Lässt sich vom Äusseren eines Kochs auf seinen Stil schliessen? Kocht ein zarter, scheuer Koch besonders fein, subtil und produktbewusst, während sein wohlbeleibter, leutseliger Kollege geradezu verschwenderisch mit Aromen, Geschmacksnuancen und Portionengrössen umgeht? Nach einem Essen bei Beat Amrein im luzernischen St. Erhard möchte man die Frage spontan bejahen. Der Mann hat die Postur eines Schwingers, und er kocht, wie dies wohl ein Schwinger täte, besässe er neben sportlichem auch lukullisches Talent.
Beat Amrein arbeitet grosszügig, angriffig, mit Mut zum Risiko. Er scheut das Würzen nicht und auch nicht die Vermählung verschiedener Produkte. Er bedient sich optimistisch bei unterschiedlichen Kochtraditionen. Er übt seinen Beruf mit Kopf, Bauch und viel Herz aus. Kurz: Er bewegt sich in der Küche wie ein Schwingerkönig im Sägemehlring.
Als Amuse-Bouche kommt eine kleine Zwiebelquiche auf den Tisch. Darauf folgt ein Turm von einem Avocado-Salat, mariniertem Thunfisch und Fenchelcarpaccio. Zuoberst thront eine gebratene Gamba. Man vertilgt den nahrhaften Teller mit Genuss und grossem Appetit. Der Zwischengang passt zur noch winterlichen Jahreszeit: hausgemachte Safranravioli mit Jakobsmuscheln und Lauch, luftig und deftig in einem. Als Pièce de Résistance werden Koteletts und Rücken von einem Walliser Lamm auf Gemüsecouscous und Knoblauchjus gereicht. Wunderbar zart und reich an Geschmack das Lamm; subtil gewürzt und abgeschmeckt das Couscous. Vom Amarettiparfait mit Orangen und Schokoladensauce hätte man gerne mehr genascht, wären da noch Kapazitäten übrig geblieben.

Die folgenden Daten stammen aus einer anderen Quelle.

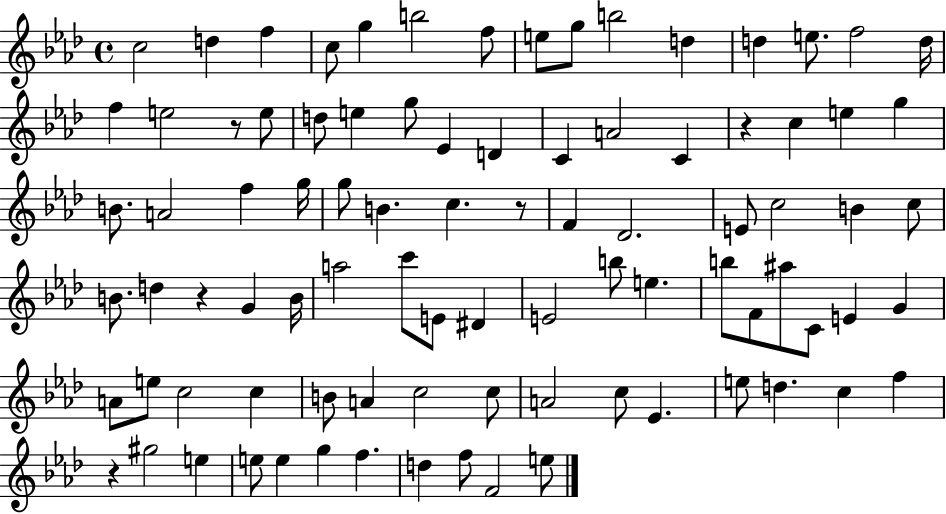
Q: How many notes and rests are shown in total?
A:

Trotz allem: Ohne seine Frau Romy bliebe Beat Amrein eine halbe Portion. Von vergleichsweise zierlicher Gestalt, mit blondem Bubikopf und Mandelaugen eilt sie durch die verschiedenen Räume des «Mostkrugs» – die gemütlich-behäbige Beiz und das helle, elegante Säli mit sporadisch wechselnder Kunst an den Wänden.
Romy treibt ihrem Beat die Flausen von Selbstzufriedenheit und Bequemlichkeit aus und hält den Laden zusammen und in Schwung. Dabei wird sie dank ihrem Schneid, ihrer Direktheit und ihrer Herzlichkeit von den Gästen geliebt.
Die Amreins wirten seit Januar 2002 mit Augenmass und Selbstbewusstsein in St. Erhard. Vorher hatten sie eine längere Auszeit eingeschaltet, in der Welt und in andern Betrieben geschnuppert und dabei an Reife zugelegt. Ein gut ausgebildeter Realitätssinn bewahrt sie vor dem Abheben in gastronomische Sphären, die auf dem Land und im Luzernischen im Speziellen die Gefahr des Absturzes in sich tragen. Wer Lust auf eine Bratwurst und ein Bier verspürt, fühlt sich bei ihnen so zu Hause wie die Gourmets und Gourmands.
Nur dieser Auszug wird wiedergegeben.